That's it. So to sum it up. Do not generalise. If you have QPS number somewhere, trust me, it doesn't tell you that much. It's a nice number. You can have it on your wall, but that's it. It doesn't really help you.
Do not generalise. Again, everything matters on configuration, the version of the software, the way how you compiled it, the network drivers, everything. So measure it yourself.
If you are interested, get in touch. I'm more than happy to discuss here or in the hallway next steps of this project.
Thank you for your time.
(Applause)
JOAO DAMAS: Okay. A couple of minutes for questions. Benno?
AUDIENCE SPEAKER: Benno, thank you for your presentation.

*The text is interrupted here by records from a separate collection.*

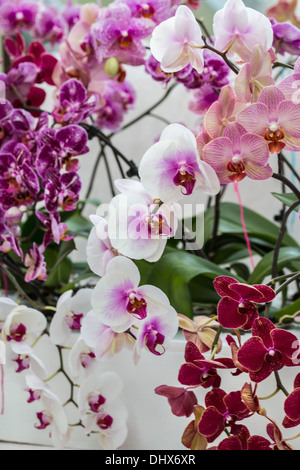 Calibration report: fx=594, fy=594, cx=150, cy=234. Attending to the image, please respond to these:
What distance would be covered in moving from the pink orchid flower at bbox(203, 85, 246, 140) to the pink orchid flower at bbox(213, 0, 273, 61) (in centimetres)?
4

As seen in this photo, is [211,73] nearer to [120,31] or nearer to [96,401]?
[120,31]

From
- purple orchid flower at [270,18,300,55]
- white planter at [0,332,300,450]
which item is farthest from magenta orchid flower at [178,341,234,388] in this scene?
purple orchid flower at [270,18,300,55]

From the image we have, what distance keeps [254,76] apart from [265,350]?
0.19 meters

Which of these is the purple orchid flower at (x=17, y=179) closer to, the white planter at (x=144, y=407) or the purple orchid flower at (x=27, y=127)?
the purple orchid flower at (x=27, y=127)

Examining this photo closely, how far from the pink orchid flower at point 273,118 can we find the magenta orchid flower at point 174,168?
0.13 ft

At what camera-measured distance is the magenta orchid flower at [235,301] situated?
0.40 meters

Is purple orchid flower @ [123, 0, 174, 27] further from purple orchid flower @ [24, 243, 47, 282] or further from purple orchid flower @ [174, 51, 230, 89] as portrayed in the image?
purple orchid flower @ [24, 243, 47, 282]

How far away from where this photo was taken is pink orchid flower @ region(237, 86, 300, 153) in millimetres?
381

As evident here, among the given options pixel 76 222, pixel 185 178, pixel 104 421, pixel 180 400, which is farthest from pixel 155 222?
pixel 76 222

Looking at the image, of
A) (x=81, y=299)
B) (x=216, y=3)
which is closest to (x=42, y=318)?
(x=81, y=299)

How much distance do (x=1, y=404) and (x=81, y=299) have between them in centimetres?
18

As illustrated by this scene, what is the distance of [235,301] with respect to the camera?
1.33 feet

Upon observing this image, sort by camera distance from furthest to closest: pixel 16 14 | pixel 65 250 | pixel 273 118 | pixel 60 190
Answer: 1. pixel 16 14
2. pixel 65 250
3. pixel 60 190
4. pixel 273 118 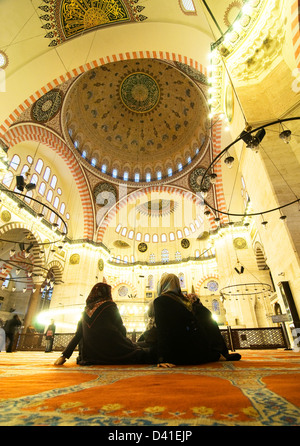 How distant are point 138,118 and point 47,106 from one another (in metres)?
7.43

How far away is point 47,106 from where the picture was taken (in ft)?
38.0

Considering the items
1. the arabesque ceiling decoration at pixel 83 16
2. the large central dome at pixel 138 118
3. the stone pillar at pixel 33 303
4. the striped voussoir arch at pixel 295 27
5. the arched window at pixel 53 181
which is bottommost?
the stone pillar at pixel 33 303

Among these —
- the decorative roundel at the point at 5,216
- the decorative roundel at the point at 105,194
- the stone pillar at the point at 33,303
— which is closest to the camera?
the decorative roundel at the point at 5,216

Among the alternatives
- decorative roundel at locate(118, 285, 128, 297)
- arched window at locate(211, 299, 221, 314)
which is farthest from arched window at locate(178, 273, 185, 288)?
decorative roundel at locate(118, 285, 128, 297)

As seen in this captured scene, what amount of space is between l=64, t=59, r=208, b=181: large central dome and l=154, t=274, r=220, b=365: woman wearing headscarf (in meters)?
13.5

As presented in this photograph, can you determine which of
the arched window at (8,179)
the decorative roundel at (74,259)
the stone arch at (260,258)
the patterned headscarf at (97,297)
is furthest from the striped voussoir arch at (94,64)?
the stone arch at (260,258)

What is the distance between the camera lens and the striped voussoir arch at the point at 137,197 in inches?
622

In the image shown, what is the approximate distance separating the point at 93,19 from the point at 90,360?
33.4ft

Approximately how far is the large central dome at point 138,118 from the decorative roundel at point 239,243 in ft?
21.0

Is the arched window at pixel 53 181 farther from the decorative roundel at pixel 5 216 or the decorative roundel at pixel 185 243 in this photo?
the decorative roundel at pixel 185 243

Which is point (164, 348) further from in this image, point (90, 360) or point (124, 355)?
point (90, 360)

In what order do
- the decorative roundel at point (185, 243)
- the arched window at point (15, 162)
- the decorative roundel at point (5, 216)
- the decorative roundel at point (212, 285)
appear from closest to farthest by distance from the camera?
the decorative roundel at point (5, 216), the arched window at point (15, 162), the decorative roundel at point (212, 285), the decorative roundel at point (185, 243)

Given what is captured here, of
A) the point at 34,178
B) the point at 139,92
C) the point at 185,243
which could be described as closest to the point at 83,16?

All the work you have done, developing the code and the interaction with us. I have one question, it's not a critique, but just a question. So if you compress the rival raters, you take a PCAP and you kind of half the time, compress the a rifles, did you look at the statistical characteristics of the compressed lot? The question behind that is, if you do it ‑‑ if it is Anna rival process, I can't imagine these are, how do you call that, independent statistical event. I can imagine you can compress them. But if it's not a arrival process, I'm not sure...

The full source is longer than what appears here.